Since President Donald Trump began his second term last month, he has focused on dramatically reducing the federal workforce at a breakneck pace.
From dismantling the U.S. Agency for International Development to offering a mass deferred resignation plan, Trump's Republican administration has released executive orders and memos aimed at substantially reshaping the size of government and where its employees work.
Many of Trump's orders have been met with legal hurdles, leaving some workers confused about their future and the deferred resignation offer, commonly described as a buyout.
Here's what to know about the federal workforce, its job protections and the process of cutting back on its ranks.
The civilian federal workforce, not including military personnel and postal workers, comprises about 2.4 million people.

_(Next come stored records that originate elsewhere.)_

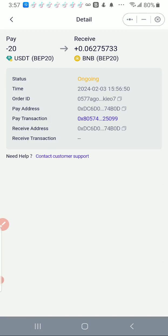It tells me pay $20, I received this much BNB, and you see here the status says it is ongoing.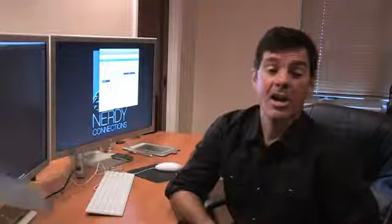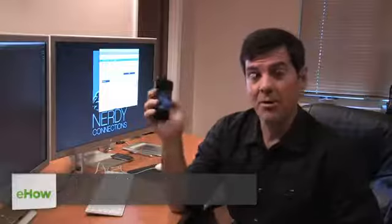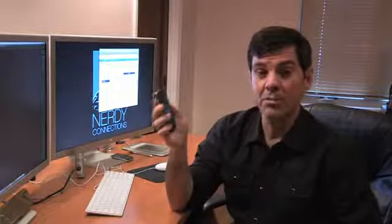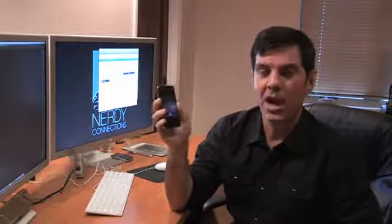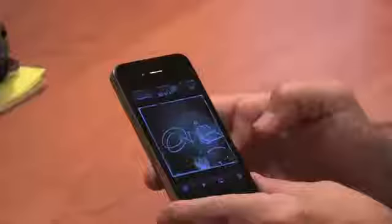Hi, I'm Michael Mondragon, Graphic Designer for NerdyConnections.com. We're going to take an iPhone or an iPod Touch and upload photos to Facebook. Sometimes that doesn't work, so we're going to show you how we can do that.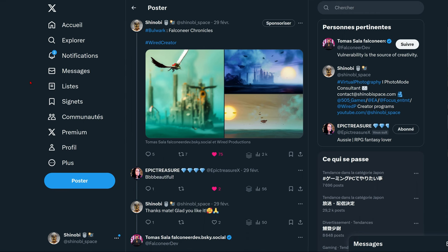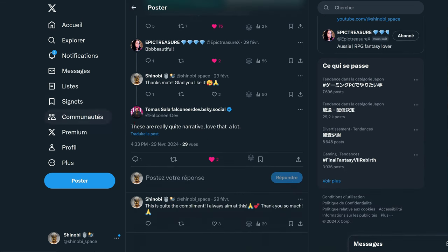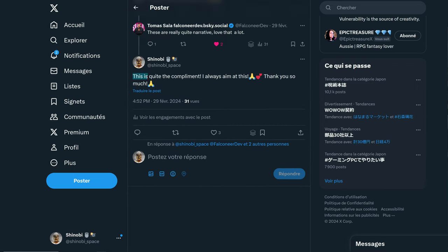The idea of this video came up after I posted a set of shots from Bulwark: Falconia Chronicles on Twitter. It's an indie game published by Wired Productions, a one-guy-made game, and the developer actually commented: 'These are really quite narrative, love that a lot.' So I answered 'This is quite the compliment, I always aim at this, thank you so much.' But then it got me thinking — do I really always aim at this? What is even a narrative shot? So I tried to think about it and today's video is kind of my conclusions about this.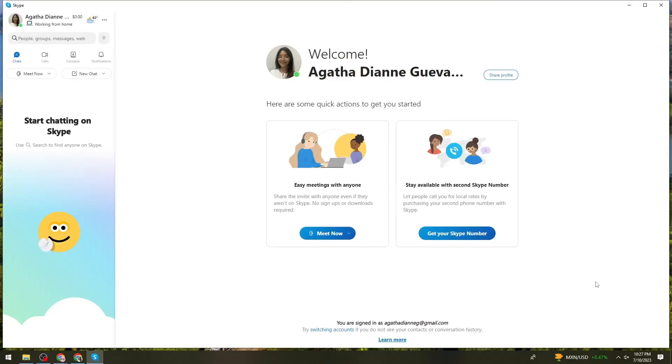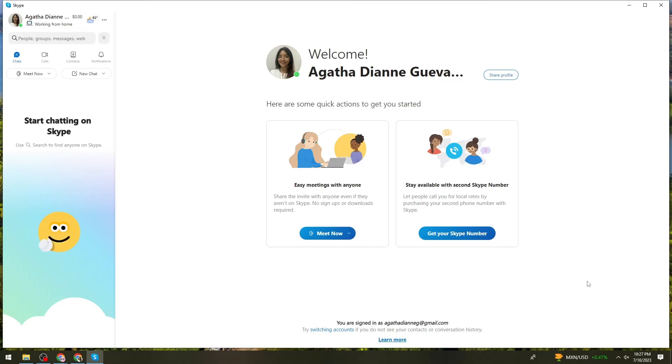Welcome! In this tutorial, I'm going to show you how to get your QR code for your Skype account. If you want to know how I did it, just keep on watching.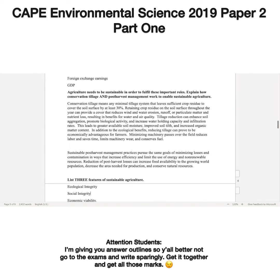With conservation tillage, you are carrying out minimal tillage of the ground that leaves sufficient crop residues to cover the soil surface by at least 30%. If you retain crop residue on the soil, that provides cover which can reduce wind and water erosion, runoff, particulate matter, and nutrient loss — and that is sustainable. You can also reduce the amount of tillage done to the land area, which in turn enhances soil aggregation, promotes biological activity, increases water holding capacity, and improves infiltration rates.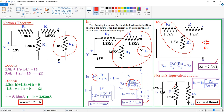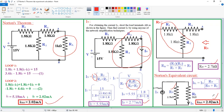Now substitute Rn = 2.7 into the Norton equivalent circuit. In is substituted, Rn is substituted, and RL is substituted. We know In = 2.77, Rn = 2.7, and RL = 1 kΩ. Applying the current division rule to find current through RL: I_RL = In × Rn / (Rn + RL) = 2.77 × 2.7 / (2.7 + 1). Calculating this value gives 2.02. By using the direct inspection method: 2.02. By using Norton's technique also: 2.02.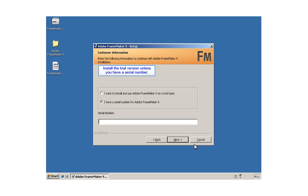Unless you already have a serial number, go ahead and click 'I want to install and use Adobe FrameMaker on a trial basis.'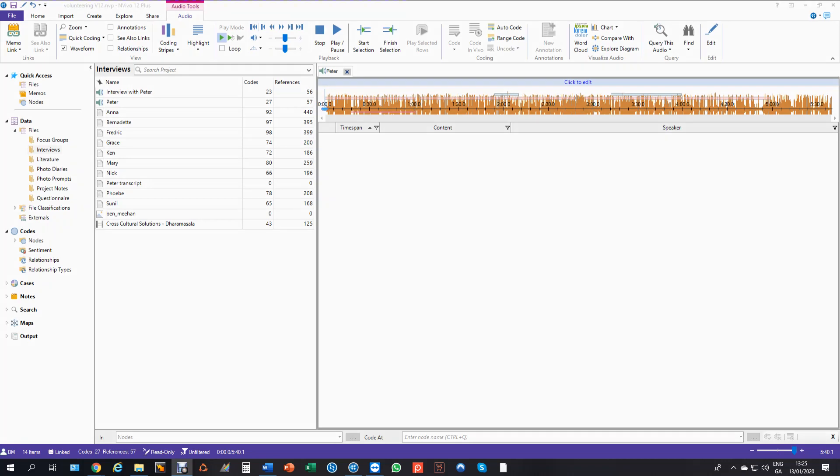Hi, the purpose of this video is to show you how to import and synchronize a transcript with a media file, typically an audio but it could be a video as well.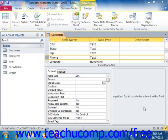You can set up input masks to dictate a pattern used for data entry within selected fields. Access provides an easy step-by-step routine called the Input Mask Wizard that helps you to apply input masks to selected text and date-time field types.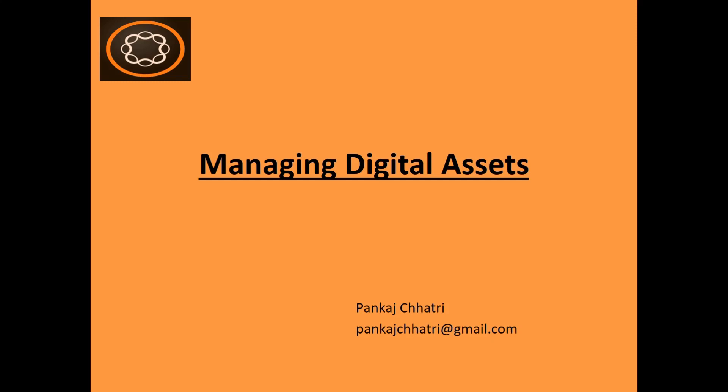Hello friends, this is Pankaj and you are watching AEM tutorial. In this video I'm going to talk about how you can manage and organize digital assets in Adobe Experience Manager.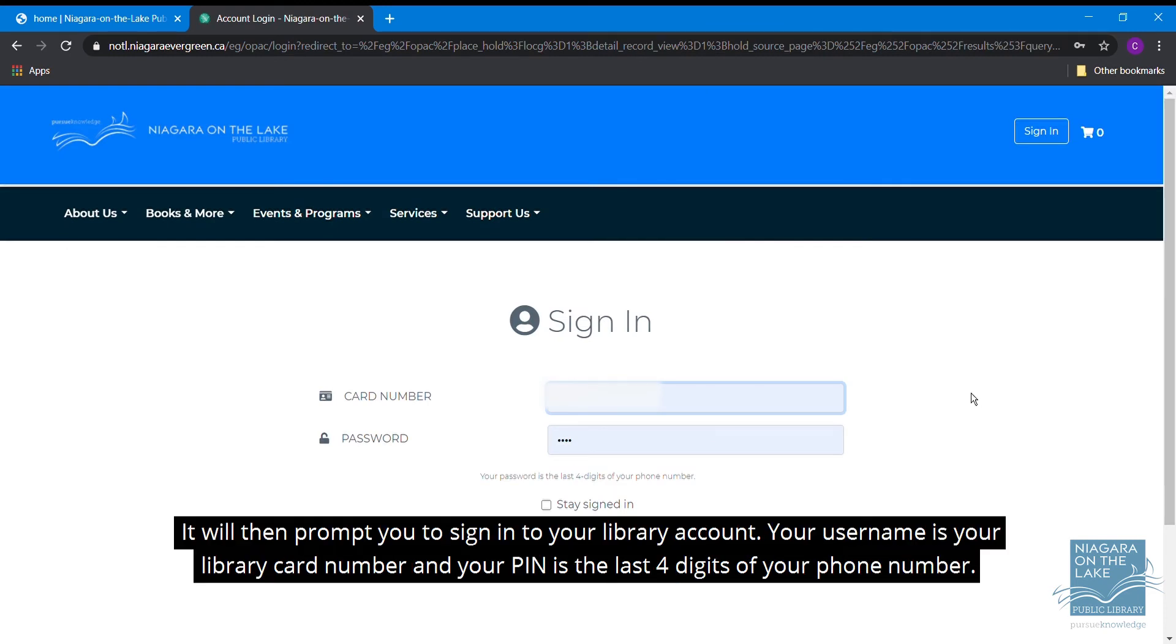It will then prompt you to sign into your library account. Your username is your library card number and your PIN is the last four digits of your phone number.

While a chunk of federal workers, about 20%, are in Washington, D.C., and the neighboring states of Maryland and Virginia, more than 80% are distributed outside the region.
Civil servants are the vast majority of federal workers. They're generally hired through an application process and have strong protections once in their positions.
Political appointees, who number roughly 4,000, serve at the discretion of the president and can be dismissed at will by the chief executive.
“Civil servants tend to be in their jobs as careers, some of them for decades,” said Elaine Kamarck, a senior fellow at the Brookings Institution who worked in President Bill Clinton’s Democratic administration when about 426,000 federal jobs were cut over more than eight years in a deliberative effort aimed at reinventing government.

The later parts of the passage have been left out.